問 株式投資に関する〈資料〉にもとづいて、次の会話文にある( ① )から( ⑩ )に入る数値及び当てはまる語句を選択しなさい。
※計算上端数が生じた場合は、小数点第2位を四捨五入し、第1位まで解答すること。
〈資料〉S社・T社の有価証券報告書から一部抜粋
| 項目 |
S社当期末 |
T社当期末 |
| 株価(1株当たり) | 4,911 円 | 4,911 円 |
| 発行済株式総数 | 57,000,000 株 | 106,000,000 株 |
| 当期純利益 | 15,553 百万円 | 28,077 百万円 |
| 純資産 | 297,826 百万円 | 244,893 百万円 |
| 1株当たり配当金 | 119.8 円 | 121.6 円 |
※発行済株式総数には自己株式は含まれていない。
※純資産=株主資本とする。
Aさん:最近、株の勉強をしていると聞いていたけど、どう?
Bさん:なんとなくニュースで株価とかは見るようになったけど、正直よくわかんないんだよね。どうやって企業を選べばいいのかとか。
Aさん:そうか。じゃあ、株式投資でよく使われる指標をいくつか紹介するね。まずはEPS(1株当たり当期純利益)。
Bさん:EPS?なにそれ?
Aさん:1株につきいくら稼いでいるかって指標のことだよ。例えば、〈資料〉を使ってS社の1株当たりの当期純利益を計算すると( ① )円だね。
Bさん:なるほど。そうするとT社のEPSは、( ② )円なので、( ③ )社の方が1株当たりで稼いでいる額が多いってことか。
Aさん:そう。だから、企業の収益性を見るのに使われるんだ。次に紹介するのが、PER(株価収益率)だよ。

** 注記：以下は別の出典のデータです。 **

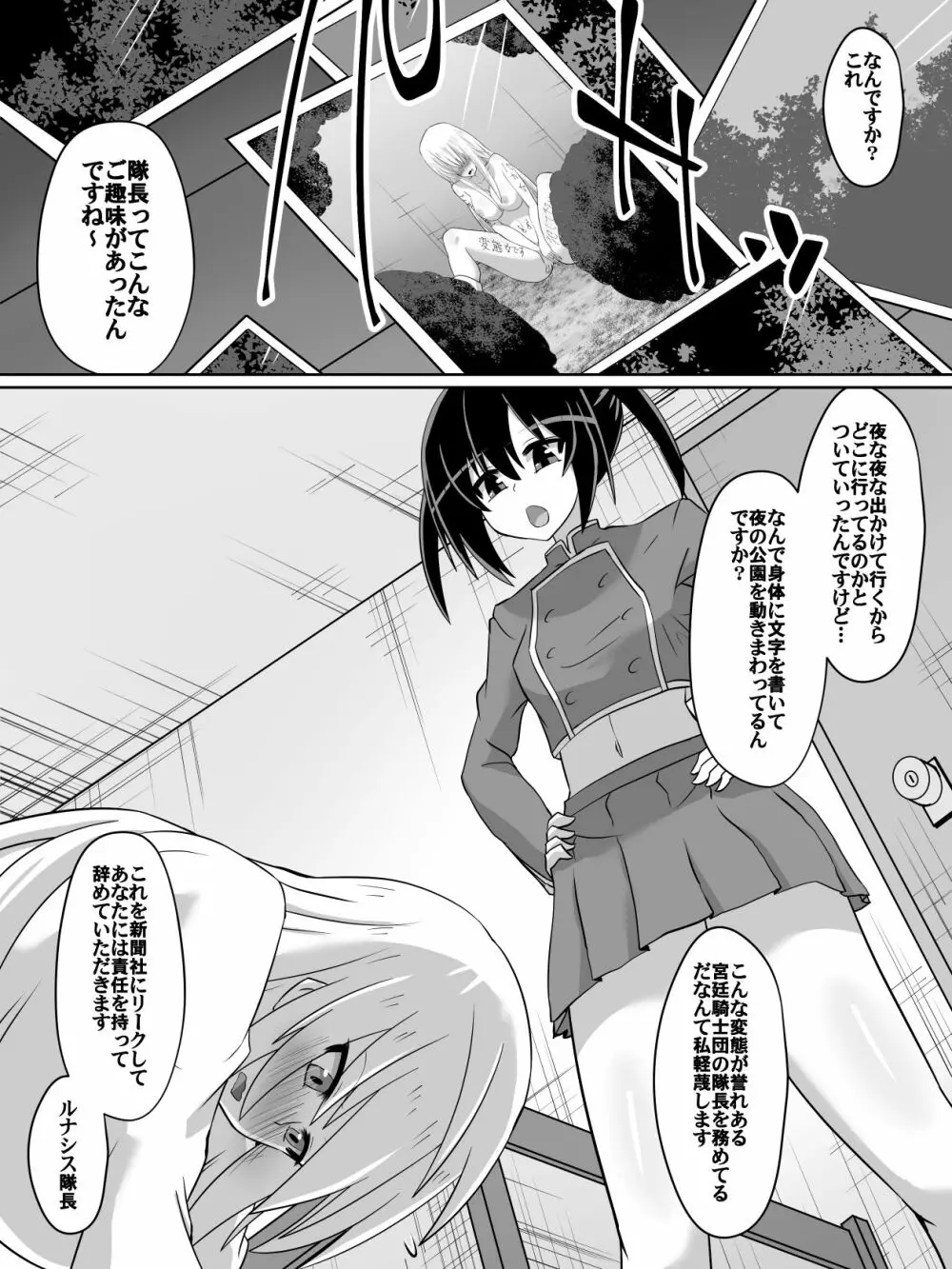 剣の女神ルナシス Page.3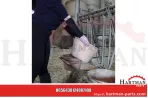 Ochraniacz ramion z neoprenu, M 2 szt.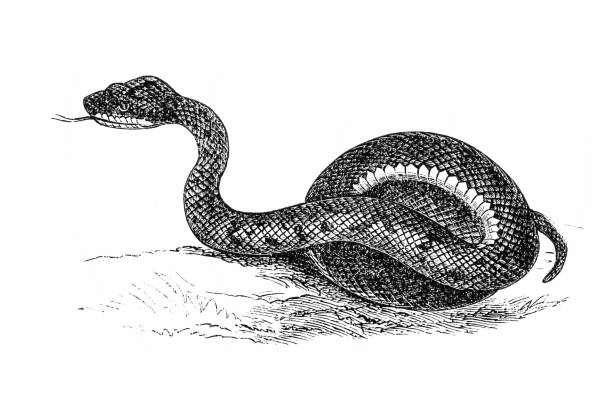 illustrations, cliparts, dessins animés et icônes de vipère - european adder illustrations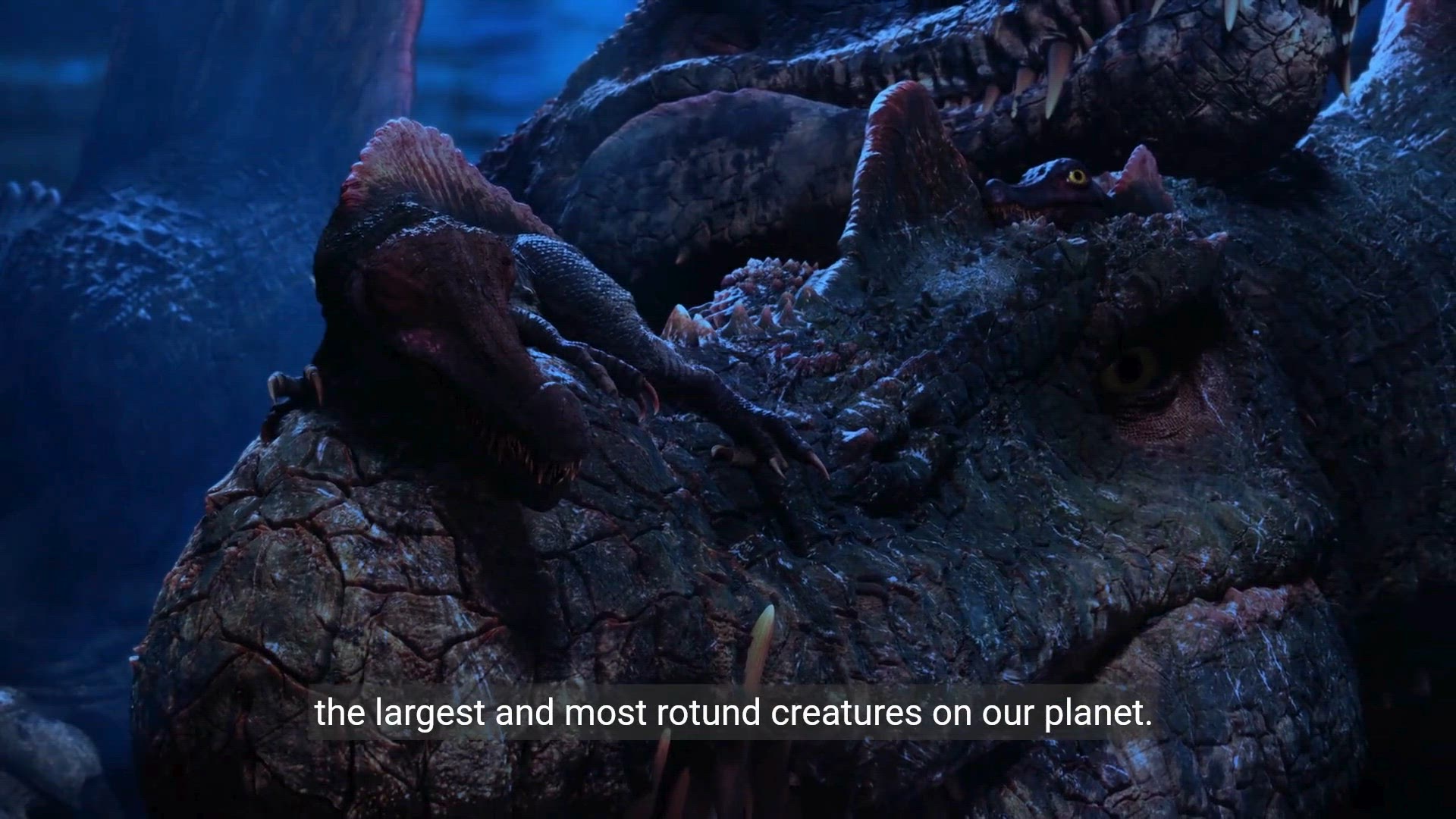 Video thumbnail for Top 10 Fattest Animals In The World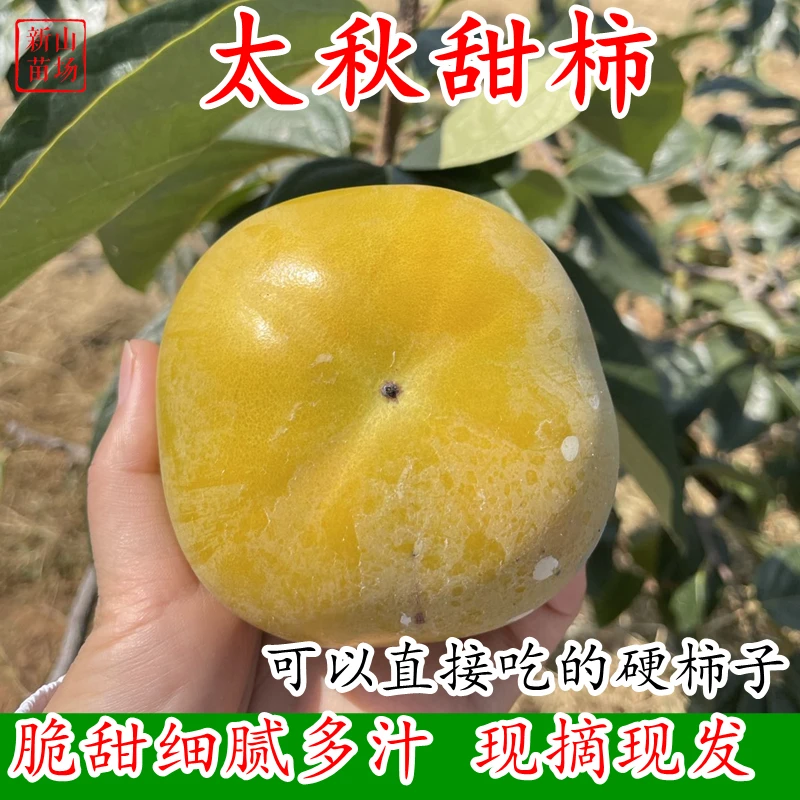 【正宗太秋甜柿鲜果】脆甜柿子树上摘下可吃不涩嘴 新山苗场
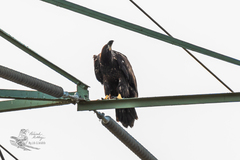 Haliaeetus leucocephalus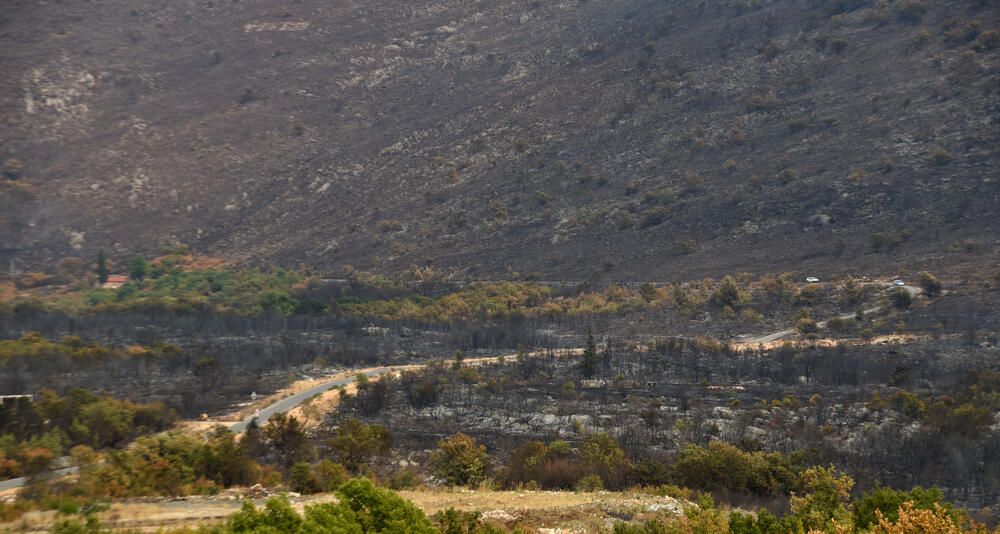 <p>“Ovo su naši pradjedovi radili, ova imanja i sela krvavo su stečena”, svjedoči Jonus Purović iz Mjegotina</p>  <p>“Nema tog novca koji može da nadoknadi štetu koja je ovdje načinjena”, govori s mukom Ratko Đukić, mještanin Pipera</p>  <p>“Ne možemo svake godine živjeti s istim strahom”, ogorčen je Miodrag Laković iz Kuča</p>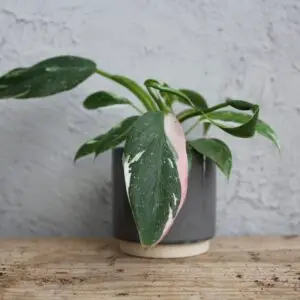 philodendron-white-princess-tricolor-rastlinkovo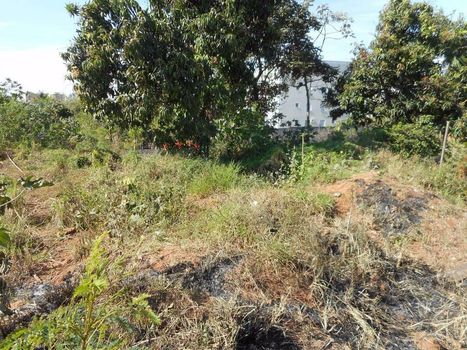 Foto 13 do(a) Terreno false à venda em Chácaras Patrimônio Santana, Araçatuba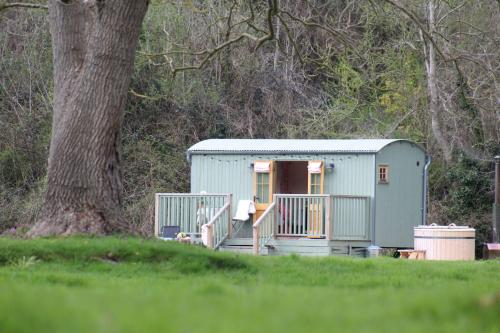 Kingfisher — Chirk — photo 2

Bさん:あ、それは聞いたことがあるかも。でもどのような意味かわかる?
Aさん:株が利益の何倍で買われているのかって指標で、株価の「割安」・「割高」を判断する材料になるんだ。
Bさん:なるほど。たとえば?
Aさん:〈資料〉のようにS社の株価が4,911円でEPSが( ① )円なら、PERは( ④ )倍。T社も同じ株価4,911円だけどEPSが( ② )円なら、PERは( ⑤ )倍になるね。
Bさん:どういうことなの?
Aさん:PERは一般に低い方が割安とされるから、( ⑥ )社の方が買いやすいと判断する投資家も多いよ。
Bさん:なるほど。じゃあ、EPSが高くてPERが低いと、良い企業ってことになるの?
Aさん:まあ、単純にそうとは言い切れないけど、利益が出ていて、その割に株価が安ければ注目されやすいのは確かかな。次に見るべきなのはPBR(株価純資産倍率)。
Bさん:それも聞いたことないや。
Aさん:PBRは、企業が持っている純資産に対して、どれくらいの株価がついているかを見る指標だよ。
Bさん:なるほど、純資産と株価を比べるのか。
Aさん:例えば、〈資料〉を使って計算するとS社が( ⑦ )倍、T社が( ⑧ )倍になるよ。
Bさん:ということは、( ⑨ )社の方が「純資産に対して株価が高い」ということ?
Aさん:そう。PBRは、一般的には1倍を割り込んでいると「割安」とされることが多いから、( ⑩ )社の方が「割安」といえるかもしれないね。